China has become a global powerhouse for manufacturing every imaginable kind of product -- from motherboards, smartphones, and PCs to textiles and toys. But what of MEMS in China?
I recently traveled to Shanghai, and did my level best to explore that question while taking a closer peek into the Chinese MEMS industry. I was definitely impressed. Though the current MEMS industry in China is at a nascent stage -- and there are only a few players on the field (including SMIC and MEMSIC) -- the seeds are being planted for a fruitful future.
What struck me the most when I went to Shanghai is the energy of entrepreneurism. I saw it everywhere: There are the vendors in the French Concession where you can find competitors selling hand-painted scarves just doors away from each other. Competitive differentiation came in the form of each seller showcasing their advantage/uniqueness either in price or in quality. I could see the wheels churning as sellers realized that folks (in this case, foreign as well as domestic tourists) were willing to pay big money for high quality.
Soon the same will be true for MEMS in China. There are several initiatives currently underway in China to catapult the current MEMS industry into the world arena. While we now have the dominance of ST and Bosch as they battle for the number one spot in MEMS, it’s just like in any horse race: You gotta look out for the competitor who is sneaking up from the outside. Bosch and ST have benefitted from a mature supply chain that they have honed and refined to leverage each of their advantages. This fierce competition has driven down the price of MEMS so that revenue-per-device is minimal, compelling suppliers to make profit in the margins.
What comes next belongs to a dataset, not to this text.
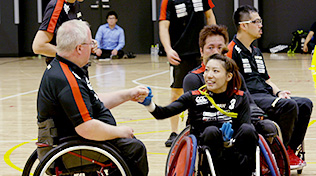 倉橋香衣選手（ウィルチェアーラグビー）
What I see happening in China is that there is and will continue to be a huge influx of government dollars into initiatives focused on the Internet of Things (IoT). And since MEMS is a cornerstone of IoT, China is now heavily investing in MEMS and especially, into its supply chain. China is investing in MEMS to build up its industrial capabilities, to build a domestic supply base for domestic demand, and to maintain its competitiveness on the worldwide stage. The lessons of the past five years (they’ve been watching and learning from all of our mistakes) has taught the Chinese that you can’t just take IC fabs and magically turn them into MEMS. For MEMS, the knowledge base (and learning curve) is different, the expertise is different, and the path from idea to volume production is different. China is now turning its attention to the infrastructure pieces that are vital to a healthy industry, and this is what gives so much weight to their efforts.
I did a full-bunny-suit tour of a MEMS manufacturer in China and was blown away by the masses of people in their 100,000-sq-ft fab. And not just tons of people (seemingly), but lots of IC and MEMS equipment nestled up against each other, competing for space. I have never seen anything like it in my life.
What will this mean for MEMS? Clearly it means a continued uptick in its current double-digit growth. It also means that with China’s plan to invest billions of dollars in MEMS, advanced sensors, new materials, green tech, and IoT (through organizations like SIMIT) -- the rest of the world better pay attention. They are investing in the people and the infrastructure that will make the Chinese MEMS industry competitive in the world economy. And yes -- with hopes of being the best.